***** EXERCISE DATA *****

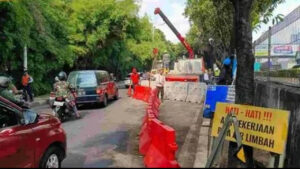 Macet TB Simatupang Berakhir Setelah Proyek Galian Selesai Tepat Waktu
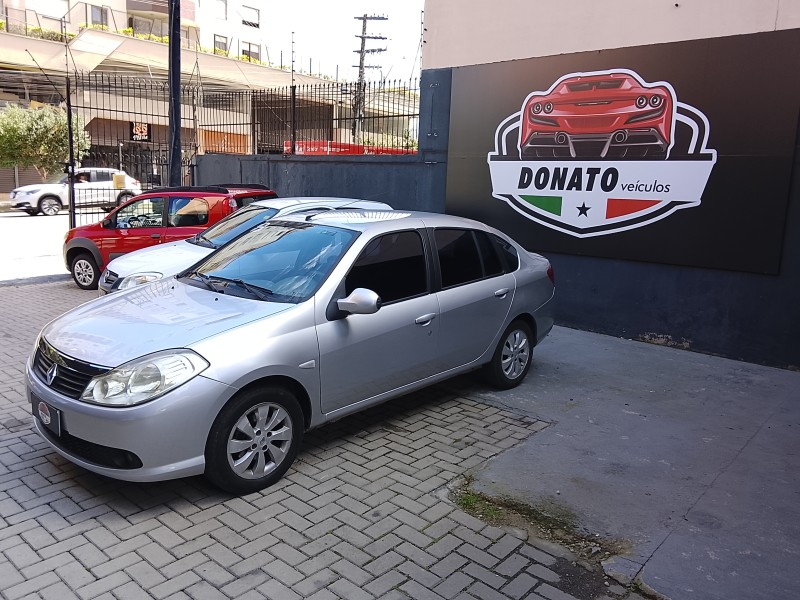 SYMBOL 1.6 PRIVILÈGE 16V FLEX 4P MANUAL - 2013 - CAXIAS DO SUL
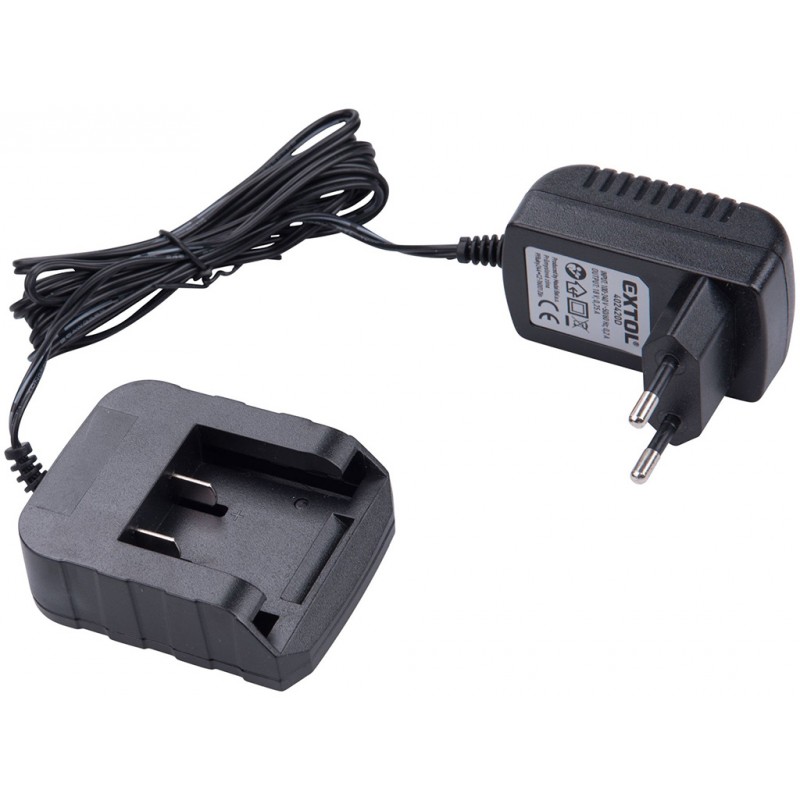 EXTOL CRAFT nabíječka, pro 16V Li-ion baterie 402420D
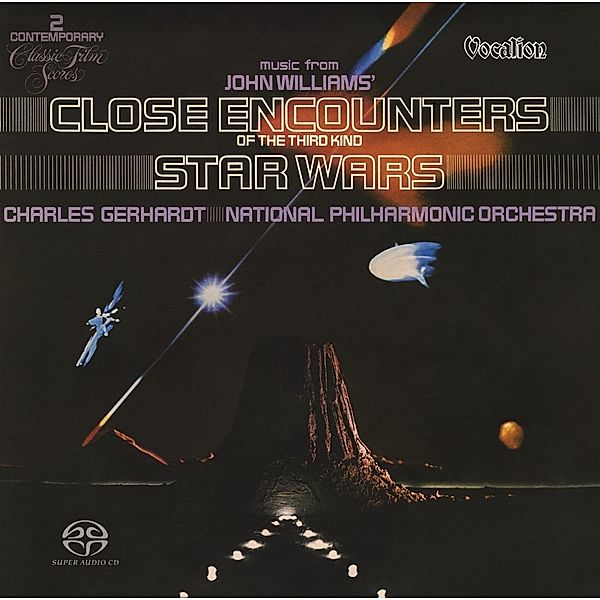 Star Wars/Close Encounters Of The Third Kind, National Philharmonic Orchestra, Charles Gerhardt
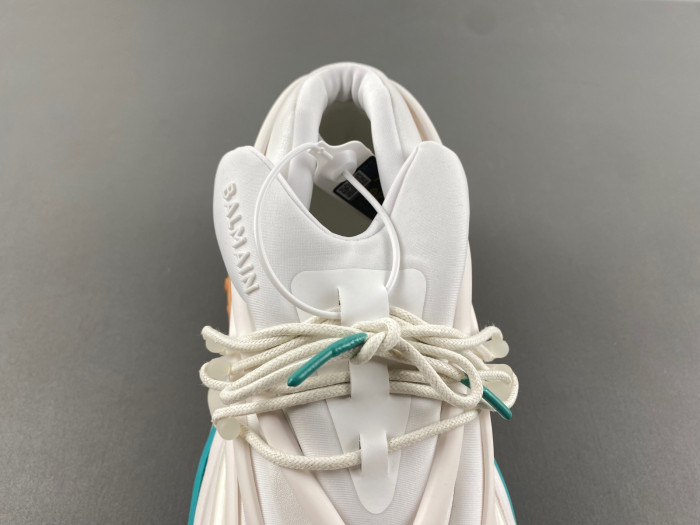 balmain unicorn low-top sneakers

*****

◆ **WHAT YOU NEED TO DO**
The records above should be written out in full and unchanged, except that pictures are dropped.

◆ **EXPECTED ANSWER**
 Macet TB Simatupang Berakhir Setelah Proyek Galian Selesai Tepat Waktu
 SYMBOL 1.6 PRIVILÈGE 16V FLEX 4P MANUAL - 2013 - CAXIAS DO SUL
 EXTOL CRAFT nabíječka, pro 16V Li-ion baterie 402420D
 Star Wars/Close Encounters Of The Third Kind, National Philharmonic Orchestra, Charles Gerhardt
 balmain unicorn low-top sneakers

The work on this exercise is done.